Japanese researcher's discovery that older men emit a pungent body odor hit a nerve with the populace. Now companies have jumped in with products to mask the offending scent.


YOKOHAMA, Japan — Do middle-aged men smell worse than everyone else?

Shoji Nakamura, chief perfumer with Japan's exclusive cosmetics firm, Shiseido, certainly thinks so. And he's out to change that.

Nakamura, whose million-dollar nose is reputedly able to distinguish among some 2,000 different odors, says he first noticed a distinctive smell among middle-aged and older men in 1987 and spent the next decade thinking about it.

"I'm very interested in body odor," he says.

Now, after painstaking research, Shiseido has acted on Nakamura's evident insight. This September, the company will unveil what it says is the world's first product line of shampoos, powders and air fresheners designed to block, cover and otherwise obscure the unique smell of growing old.

His latest olfactory innovation has apparently struck a powerful chord with the cleanliness-conscious Japanese--if all the media hoopla is any indication--as newspapers, magazines and TV programs here proclaim the merits of his revolutionary discovery.

For researchers at Shiseido, the largest cosmetic maker in Japan and the fourth-largest globally, the bottom line is that people over 40, particularly men, produce much more of an unsaturated aldehyde called nonenal than the rest of society. That, the company says, is the crux of the problem.

Nonenal is described as a key ingredient in traditional body odor, but Shiseido says it generates a more distinctive, diffuse smell in older men and is not limited to places like the underarm, where traditional deodorants are effective.

At Shiseido's research lab in Yokohama, three men and a woman in white coats carefully handle two small glass jars of what they say is concentrated elderly smell before sliding them across a table to give a visitor a whiff. Along with the unique opportunity comes a warning not to get too close.

The smell emanating from the little bottles is musty and does in fact evoke some vague childhood memory of an elderly neighbor couple's house. Marketing wizard Shiseido, which began as a modest Tokyo drugstore, didn't build up $5.2 billion in annual sales by allowing its vital discoveries to remain vague childhood impressions, however.

In language worthy of a wine connoisseur on a tear, Shiseido goes on to describe its newly isolated old-age smell as an "unpleasant and greasy odor with a grassy nuance."

Segments of the Japanese public are chiming in with a cacophony of criticisms of the body odor of ojisan--a Japanese term that literally means "uncle" but carries an unpleasant connotation of an older man out of style, socially inept and, now, smelly.

The magazine Weekly Bunshun in a recent issue highlights several twentysomething women complaining about their older male relatives and co-workers under the headline: "Ojisan's smell will be gone! Could this be true?"
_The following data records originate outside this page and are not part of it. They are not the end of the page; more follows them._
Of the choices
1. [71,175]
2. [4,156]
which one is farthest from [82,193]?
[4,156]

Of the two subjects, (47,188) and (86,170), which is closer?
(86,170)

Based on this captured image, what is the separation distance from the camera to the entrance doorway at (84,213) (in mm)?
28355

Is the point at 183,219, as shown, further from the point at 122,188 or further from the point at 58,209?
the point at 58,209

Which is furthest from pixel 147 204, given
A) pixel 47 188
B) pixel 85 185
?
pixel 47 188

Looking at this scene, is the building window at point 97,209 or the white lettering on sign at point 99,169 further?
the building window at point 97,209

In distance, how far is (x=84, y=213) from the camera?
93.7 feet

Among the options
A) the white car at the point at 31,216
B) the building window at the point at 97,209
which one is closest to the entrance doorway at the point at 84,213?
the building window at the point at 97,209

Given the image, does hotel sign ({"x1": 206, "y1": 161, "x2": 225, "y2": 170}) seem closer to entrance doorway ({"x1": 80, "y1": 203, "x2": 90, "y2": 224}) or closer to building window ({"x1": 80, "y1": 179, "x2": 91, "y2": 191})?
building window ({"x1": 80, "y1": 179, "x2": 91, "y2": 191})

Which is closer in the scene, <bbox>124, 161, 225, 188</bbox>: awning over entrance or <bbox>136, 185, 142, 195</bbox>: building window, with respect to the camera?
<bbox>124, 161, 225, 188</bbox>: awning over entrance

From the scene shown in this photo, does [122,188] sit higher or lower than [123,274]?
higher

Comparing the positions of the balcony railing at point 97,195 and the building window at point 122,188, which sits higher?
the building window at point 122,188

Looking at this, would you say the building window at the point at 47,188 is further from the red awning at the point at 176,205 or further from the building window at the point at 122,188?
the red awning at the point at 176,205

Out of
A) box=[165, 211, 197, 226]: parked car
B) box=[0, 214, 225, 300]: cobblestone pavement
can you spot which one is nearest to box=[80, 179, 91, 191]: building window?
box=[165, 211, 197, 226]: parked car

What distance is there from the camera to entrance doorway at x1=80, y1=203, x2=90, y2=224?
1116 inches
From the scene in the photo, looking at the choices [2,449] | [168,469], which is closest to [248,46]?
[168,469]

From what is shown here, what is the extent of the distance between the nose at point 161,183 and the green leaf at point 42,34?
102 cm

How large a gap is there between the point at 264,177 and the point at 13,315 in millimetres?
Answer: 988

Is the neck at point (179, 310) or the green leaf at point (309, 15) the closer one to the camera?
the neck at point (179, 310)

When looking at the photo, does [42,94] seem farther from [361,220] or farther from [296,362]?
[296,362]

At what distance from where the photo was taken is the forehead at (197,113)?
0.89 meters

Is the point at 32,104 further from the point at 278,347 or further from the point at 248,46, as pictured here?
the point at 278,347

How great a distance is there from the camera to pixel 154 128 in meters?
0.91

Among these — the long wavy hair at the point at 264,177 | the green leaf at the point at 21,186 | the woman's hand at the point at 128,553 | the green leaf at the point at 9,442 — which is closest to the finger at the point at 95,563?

Asked to describe the ojisan smell, the young women liken it to fertilizer, dead leaves, "squished aphids" and "a cheap, sleazy hotel."

Gunze Co., a clothing company that has capitalized on this strongly held sentiment with a new line of "Deogreen" underwear designed to inhibit microorganisms blamed for the dreaded middle-age smell, recently surveyed 278 young women aged 16 to 25 on the distasteful topic of "men's perspiration and body odor."

Gunze found that 92% believe "something must be done about this problem," while 65% said they find the smell of their boss particularly offensive.

Yukiko Matsushita, a 23-year-old receptionist at a dental office in downtown Tokyo, is quick to agree. "My boss, my father, there are so many smelly men around me," she says. "I think middle-aged men are a lot stinkier than other generations."

For Akiko Seizaki, a 26-year-old sales clerk who works at a book publisher, the biggest concern is crowded trains. "It only takes one ojisan with a strong stench to smell up the whole car," she says. "If I'm standing close to someone like that, I feel like throwing up."

A television commercial for Gunze's no-smell underwear taps into this overarching, underarming anxiety. In the 30-second spot, a young woman listens to a Walkman on a crowded commuter train, her face jostled at the armpit level of several older men. Eventually the smell gets so bad she screams, tears her headphones off and jams the two ear pieces into her nostrils.

Unpleasant odors are processed by the left side of the brain, which sends an urgent signal to escape from the odor, according to the Japanese book "Nose and Human Relations." Talk about a testament to the brain: Humans can detect some 100,000 smells, the book says.

For his part, Tetsuya Ishizaki, a 52-year-old local government official, believes all the social railing against ojisan is unfair. "I don't understand why middle-aged men get so much criticism," he says. "I get offended when young girls on the train wear too much perfume, but I don't complain."